I have called peaks across 10 different ChIP-seq studies. The same protein was assayed in each study. I am looking to create a 'master' peak list by intersecting/overlapping the ten studies to give me highly reproducible non-overlapping peaks. I also want to create peaks which are present in 1 .. N studies (for example N == 3), or peaks which are present in at least 1 .. N studies (for example N >= 3). To answer these questions I have tried two approaches:
The first uses bedtools multiinter to get intersecting regions (exact coordinate intersections):
bedtools multiinter -i *.narrowPeak | awk '$4 >= 3' | cut -f 1-3 | bedtools sort -i stdin | bedtools merge -i stdin -d 138
Here I can change the awk condition to get the regions I need. At the end of the command I am merging regions within 138 bp apart (average estimated fragment size across all 10 studies). However, there are two problems with this approach: First, this produces a lot of spurious peak regions. By that I mean, regions created by a small overlap between peaks from different studies. I could just remove these regions using some threshold, but what can I use to inform this decision and how can I justify one threshold over another? Second, if I look at the number of peaks created by (N == 9 and N == 10), these do not add up to the number produced by (N >= 9) as you might expect. This is because the intersecting regions generated are slightly different between the two operations.
The second uses bedops to get overlapping regions (Peak A is an element of Peak B):
bedops -u *.narrowPeak | bedmap --echo --echo-map-id-uniq - | awk -F"|" '(split($2, a, ";") >= 3)'
This creates a master list of peaks rather than intersecting regions. I can then merge these regions to produce unique peak regions.

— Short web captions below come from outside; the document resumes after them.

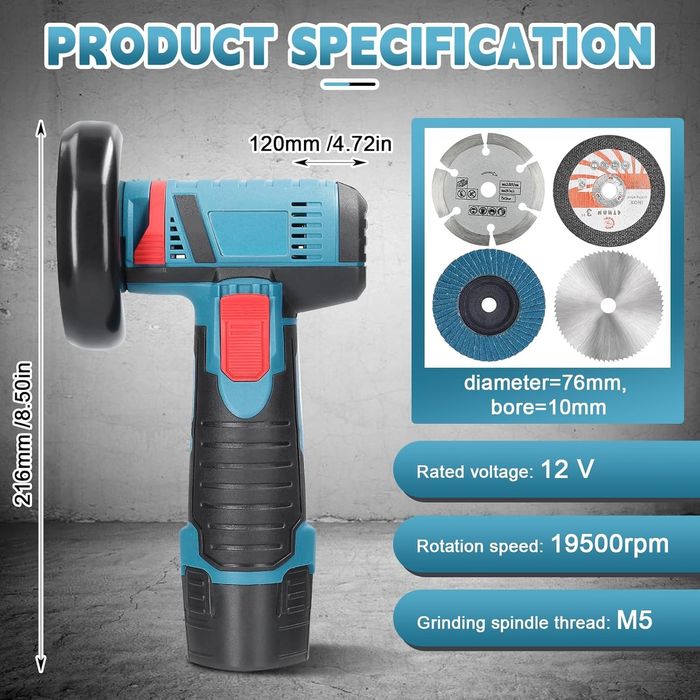 Мини Акумулаторен Ъглошлайф (Ръчна Шлайфмашина) с две батерии и кутия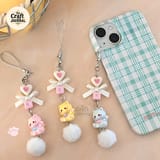 Cat & Bow Phone Charm with Pom Pom 4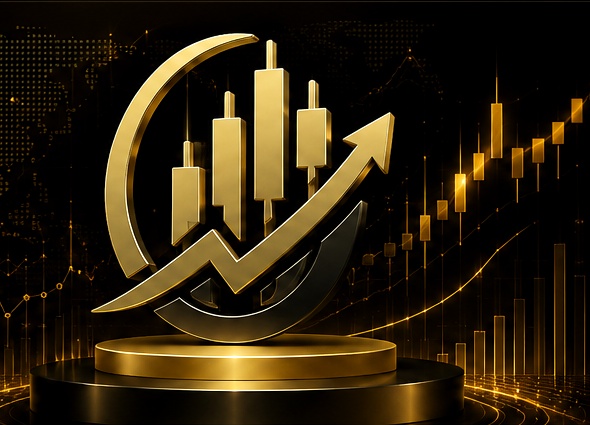 Gold trading chart emblem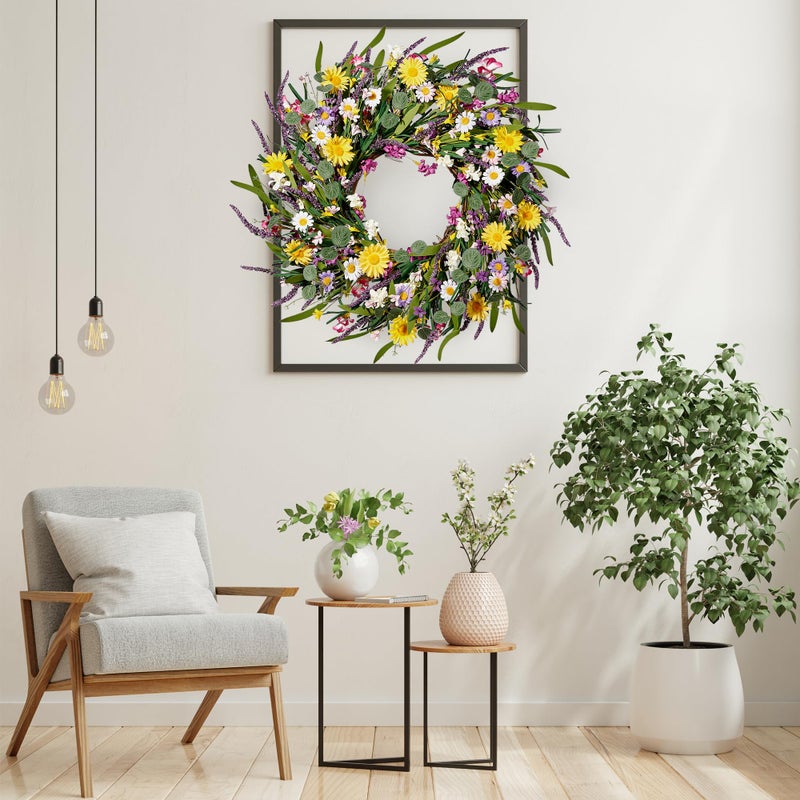 Sggvecsy Daisy and Lavender Wreath 24â€™â€™ Wildflower Wreath Spring and Summer Artificial Spring Silk Summer for Front Door Home Wall Wedding Festival Farmhouse Holiday Decor - Image 5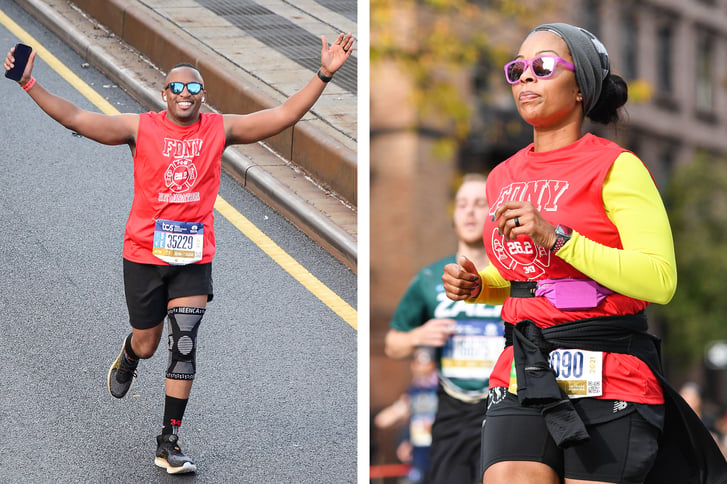 Runners Davon and Natasha Howard in TCS NYC Marathon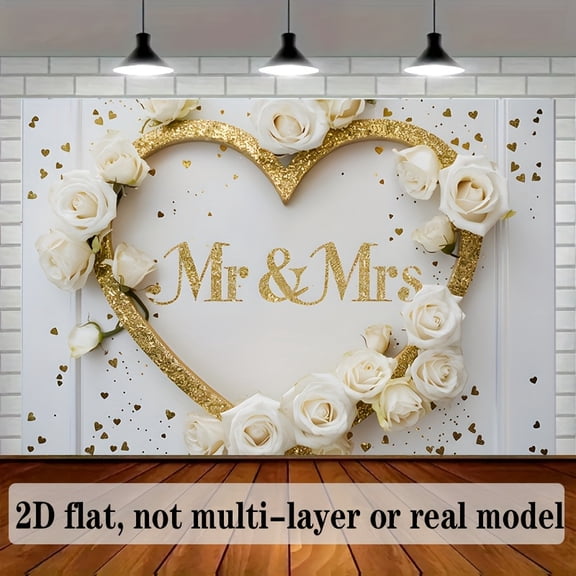White Floral Mr & Mrs Wedding Backdrop White Rose Golden Heart Couples Engagement Background Bride and Groom Anniversary Bridal Shower Party Decorations Banner Supplies Photo Booth Props
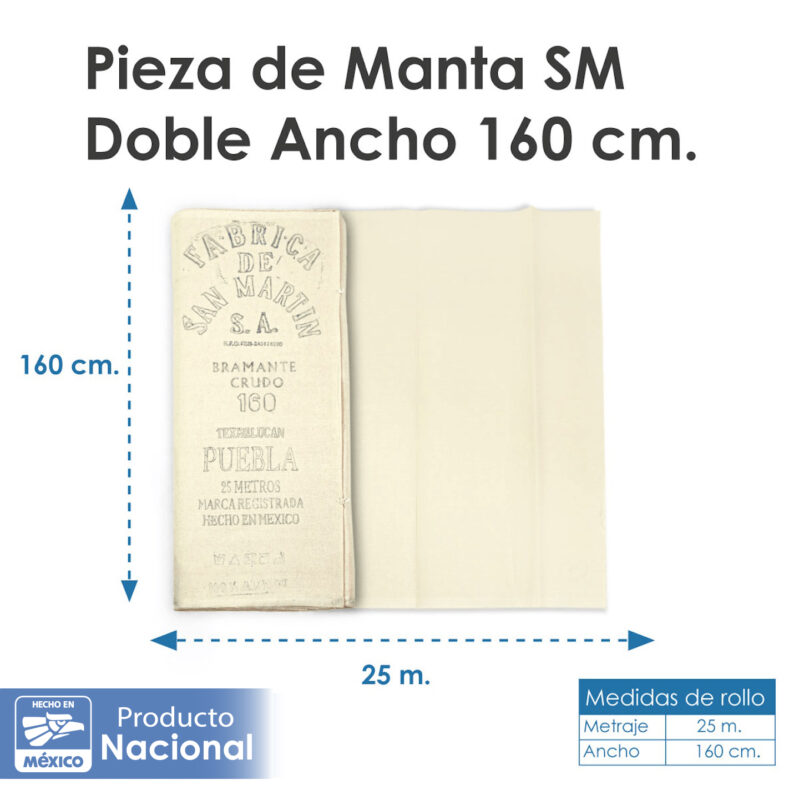 Manta S/M cruda 160 100% algodón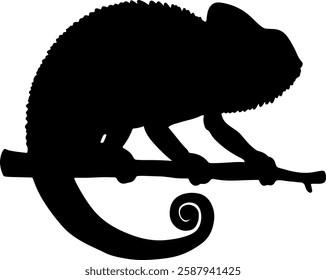 Chameleon silhouette illustration vector design.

However, there is also two problems with this approach: First, a particular unique peak region will always be as long as the longest overlapping peak amongst the studies (because we're simply overlapping and merging, not intersecting and merging). This reduces the resolution of the peak-call. Second, the awk command doesn't guarantee that the peak region is in exactly N studies or >= N studies. Here are the number of peaks identified from different awk comparisons:
# Trying to get unique peak-regions in all 10 studies (== 10): 5129 regions > bedops -u *.narrowPeak | bedmap --echo --echo-map-id-uniq - | awk -F"|" '(split($2, a, ";") == 10)' | wc -l # This comparison should give the same number as above (>= 10), but doesn't: 6506 regions > bedops -u *.narrowPeak | bedmap --echo --echo-map-id-uniq - | awk -F"|" '(split($2, a, ";") >= 10)' | wc -l # There are even peaks produced for greater than 10 studies (> 10): 1376 regions bedops -u *.narrowPeak | bedmap --echo --echo-map-id-uniq - | awk -F"|" '(split($2, a, ";") > 10)' | wc -l
I didn't expect to get any peaks for (N > 10) because we only have 10 studies. However if you look at the output from this command you can see that multiple peaks from the same study which overlap a single peak in another study are counted (the study and peak number are listed after the "|" delimiter in the format "Study_PeakNumber").
chr1 7124410 7126690 King_30 1000 . 42.57261 296.17303 290.95993 1778|Buecker_38;Buecker_39;Chronis_40;Chronis_41;Hardison_4;Jacinto_2;Karwacki_50;Karwacki_51;King_30;Liu_22;Liu_23;Marson_68;Marson_69;Whyte_51;Whyte_52
Apologies if this post is confusing/long. I've found it quite hard to explain this problem clearly/succinctly. Any help greatly appreciated.